WHAT THE TASK ASKS:
Reproduce word for word the line holding "Interior Drain Tile" and all lines after it in the data, through the end, leaving out pictures.

EXCERPTED RECORDS:

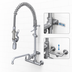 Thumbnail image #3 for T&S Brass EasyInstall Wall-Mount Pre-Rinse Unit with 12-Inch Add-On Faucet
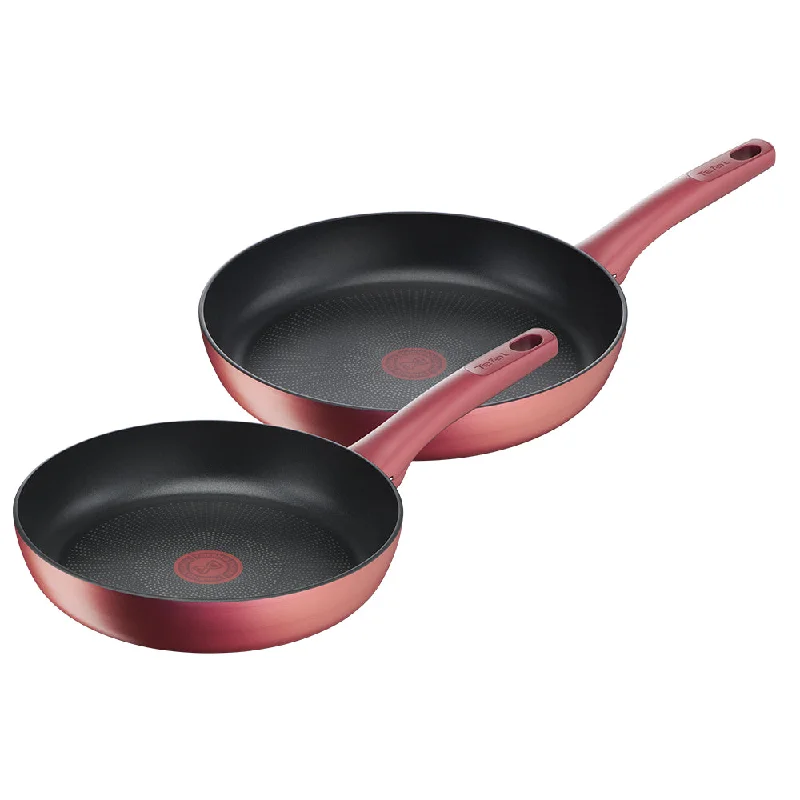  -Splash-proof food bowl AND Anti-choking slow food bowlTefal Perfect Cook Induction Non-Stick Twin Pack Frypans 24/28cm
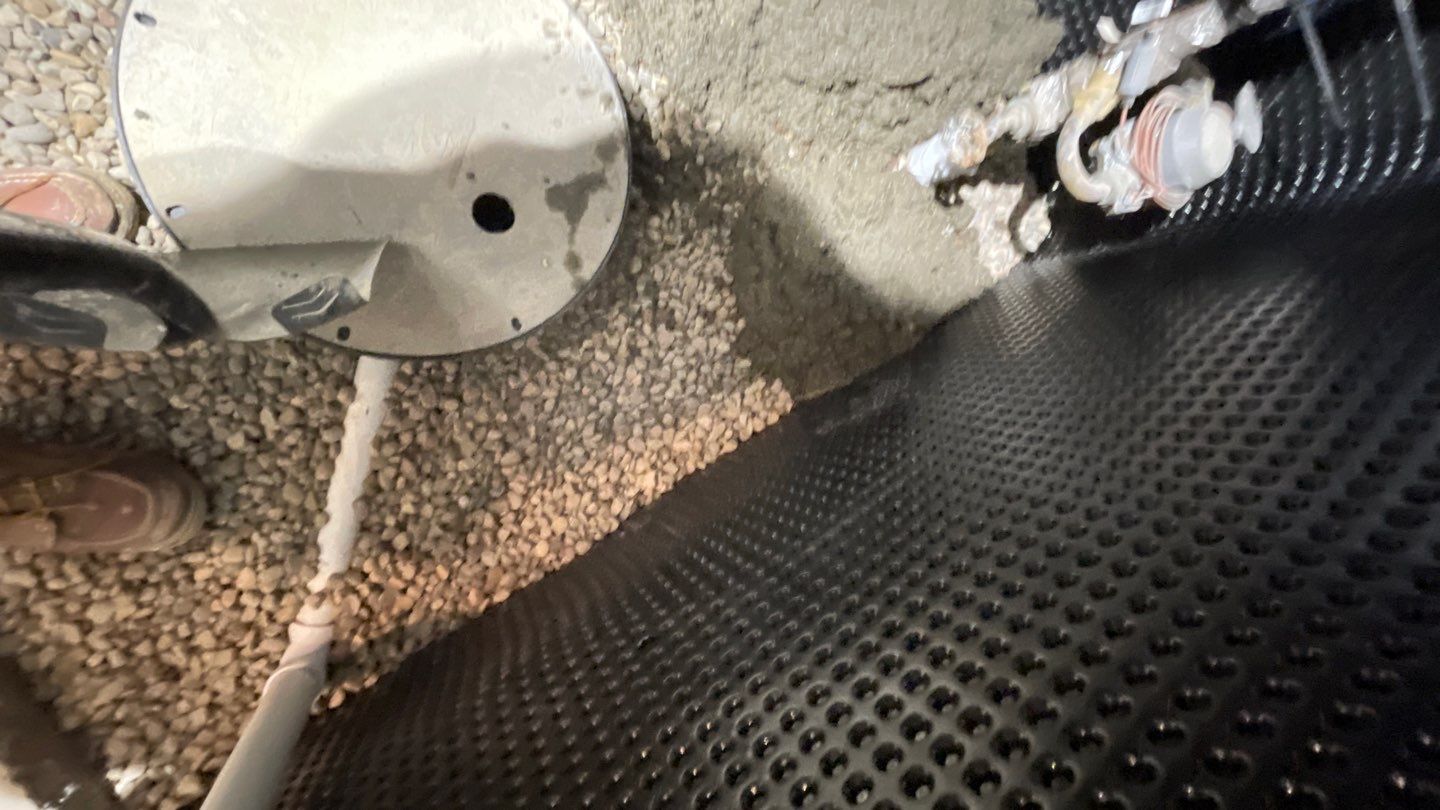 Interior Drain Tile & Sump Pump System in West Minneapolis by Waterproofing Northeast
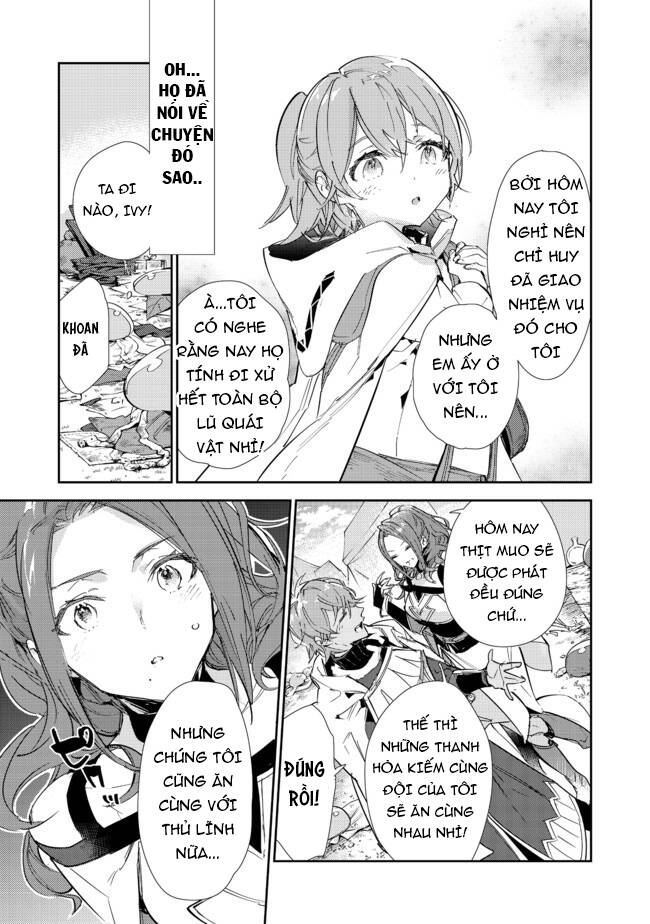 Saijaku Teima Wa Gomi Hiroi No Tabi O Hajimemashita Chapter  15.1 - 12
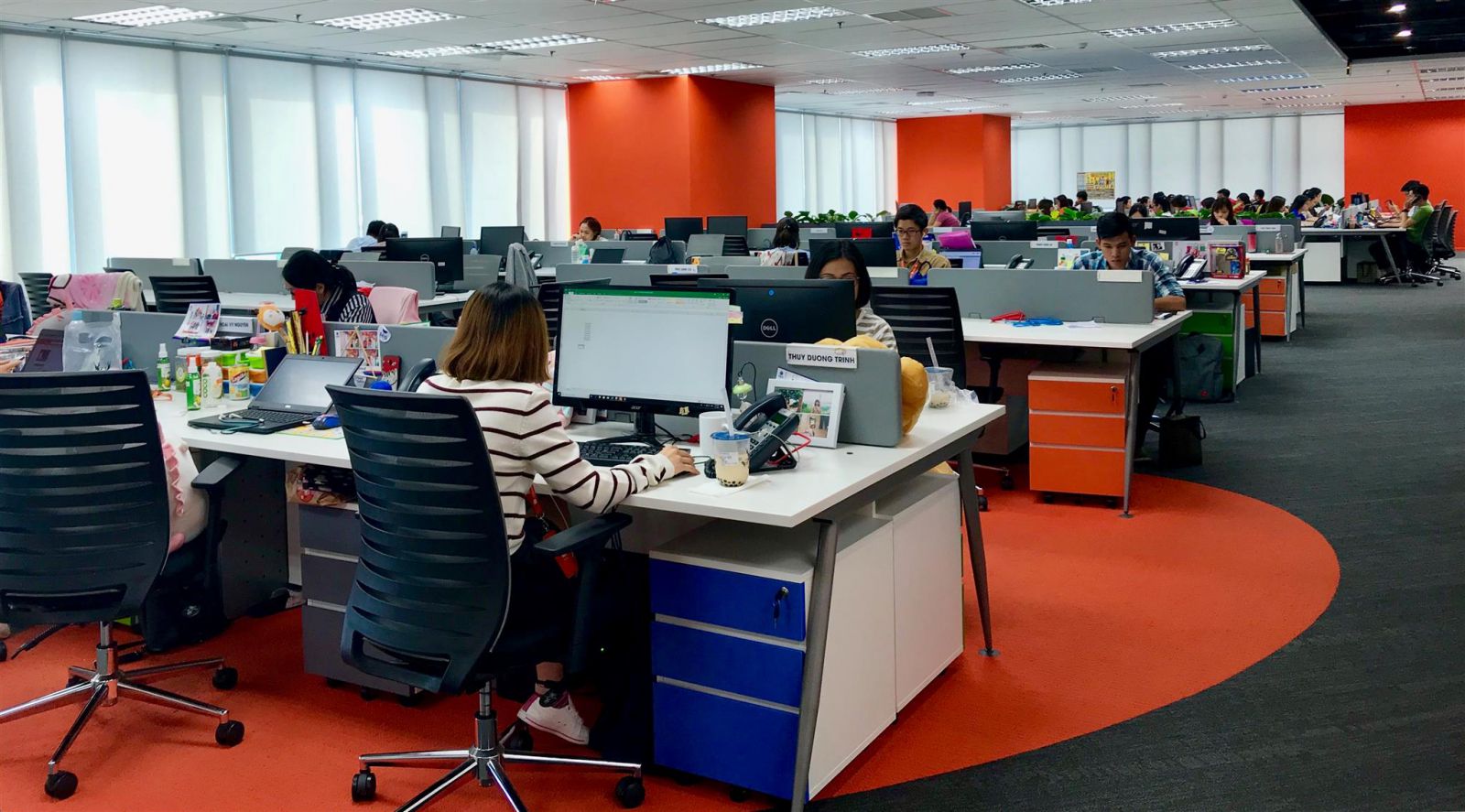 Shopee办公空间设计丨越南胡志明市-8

EXPECTED ANSWER:
 Interior Drain Tile & Sump Pump System in West Minneapolis by Waterproofing Northeast
 Saijaku Teima Wa Gomi Hiroi No Tabi O Hajimemashita Chapter  15.1 - 12
 Shopee办公空间设计丨越南胡志明市-8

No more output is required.